- [Data extracted from a collection]
+ + + + + + +
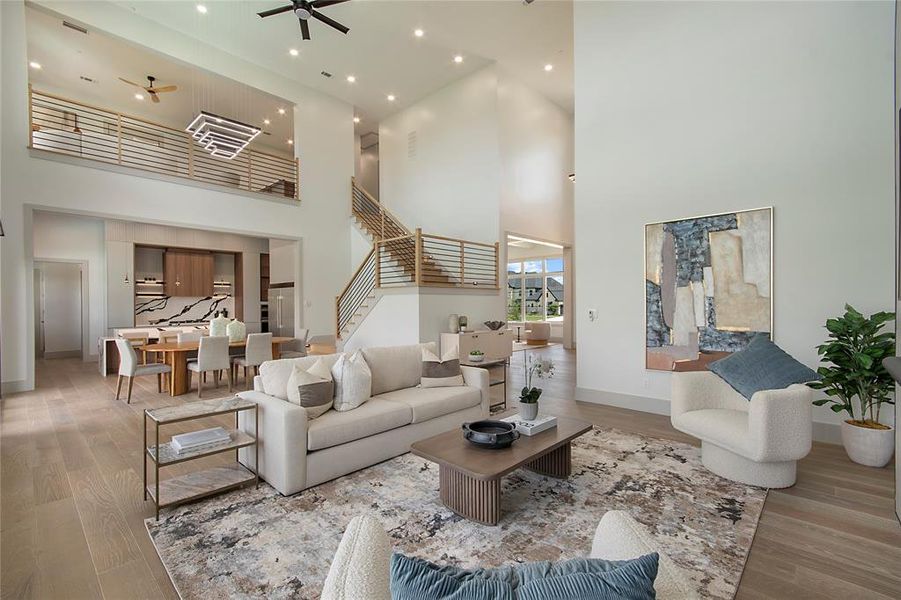 Living area featuring a towering ceiling, ceiling fan, wood finished floors, stairs, and recessed lighting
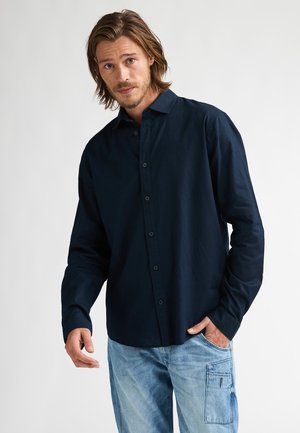 Marineblaue, langärmelige Hemdbluse aus weichem Stoff, mit klassischem Kragen und lockerer Passform, kombiniert mit hellblauen Cargohosen.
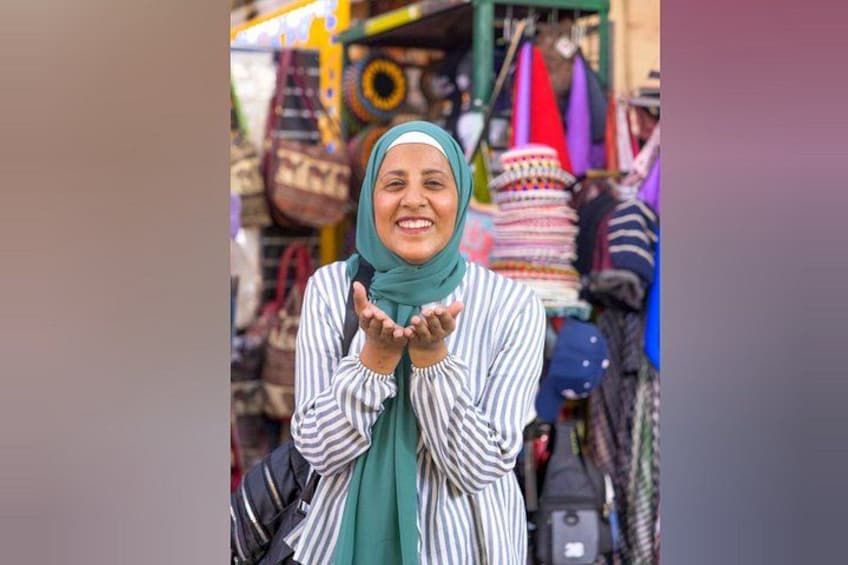 A person in a market with colorful bags and textiles in the background. 1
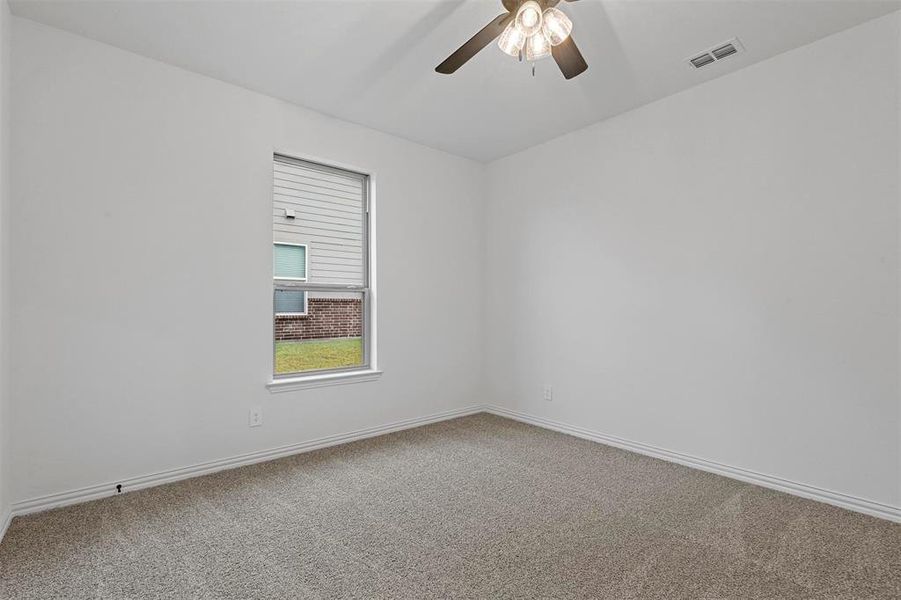 Carpeted spare room featuring ceiling fan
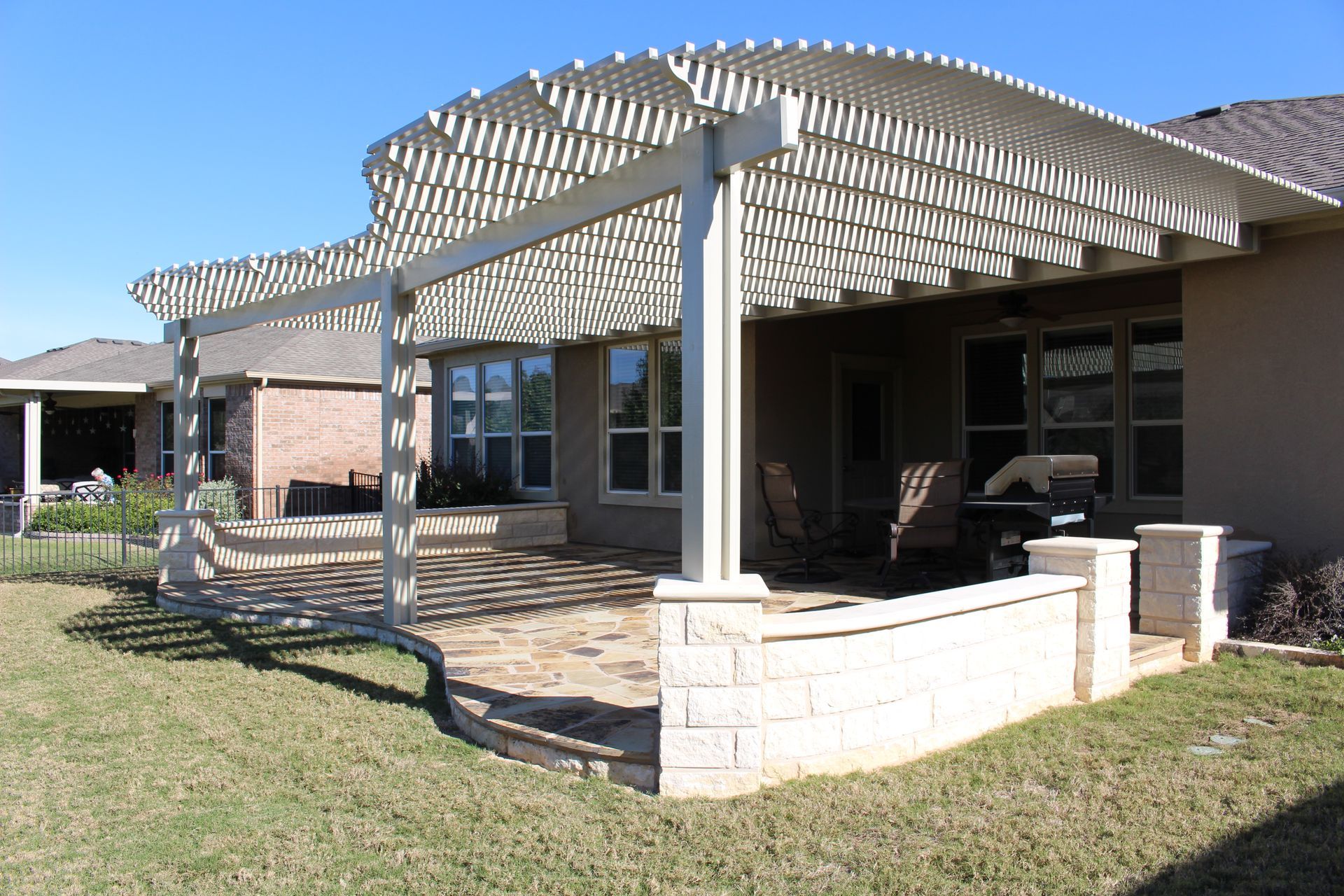 The backyard of a house with a pergola over the patio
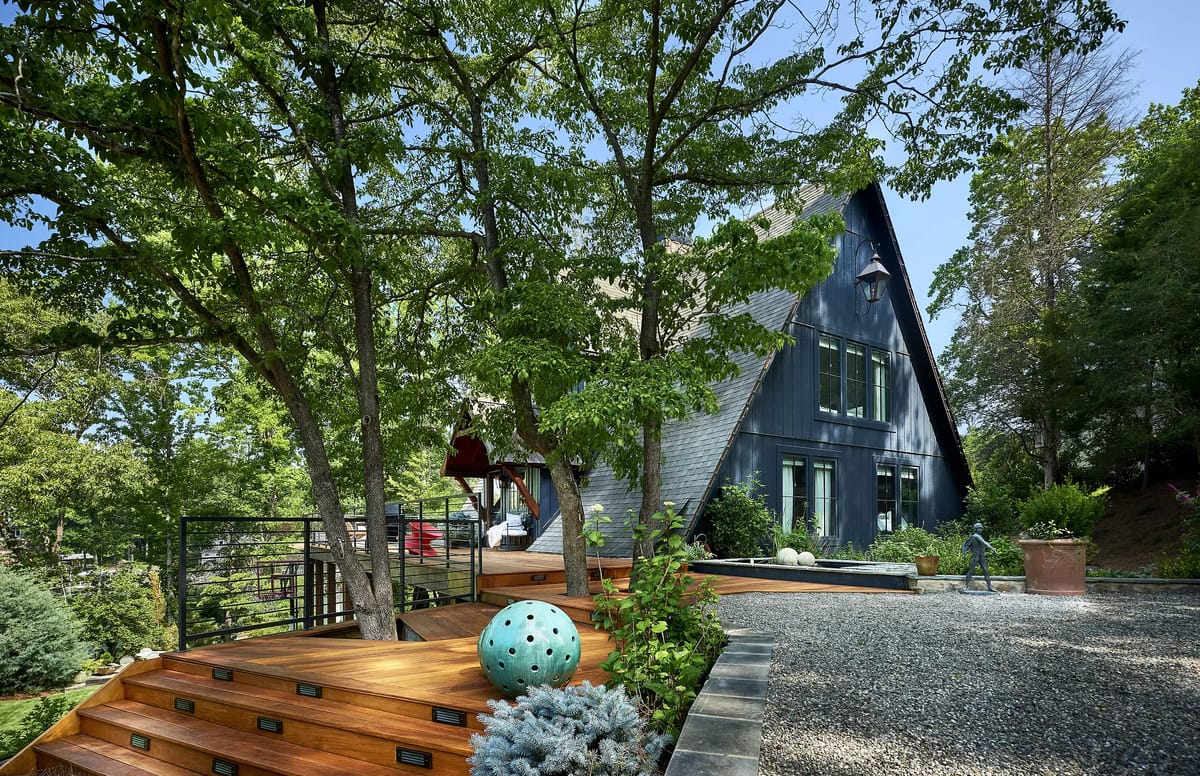 Exterior front view with wooden staircase, dark house facade, trees, shrubs, and decorative elements.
+ + + + + + +
- [The task] Transcribe all the entries precisely. Do not include any picture.

- [Reply]
 Living area featuring a towering ceiling, ceiling fan, wood finished floors, stairs, and recessed lighting
 Marineblaue, langärmelige Hemdbluse aus weichem Stoff, mit klassischem Kragen und lockerer Passform, kombiniert mit hellblauen Cargohosen.
 A person in a market with colorful bags and textiles in the background. 1
 Carpeted spare room featuring ceiling fan
 The backyard of a house with a pergola over the patio
 Exterior front view with wooden staircase, dark house facade, trees, shrubs, and decorative elements.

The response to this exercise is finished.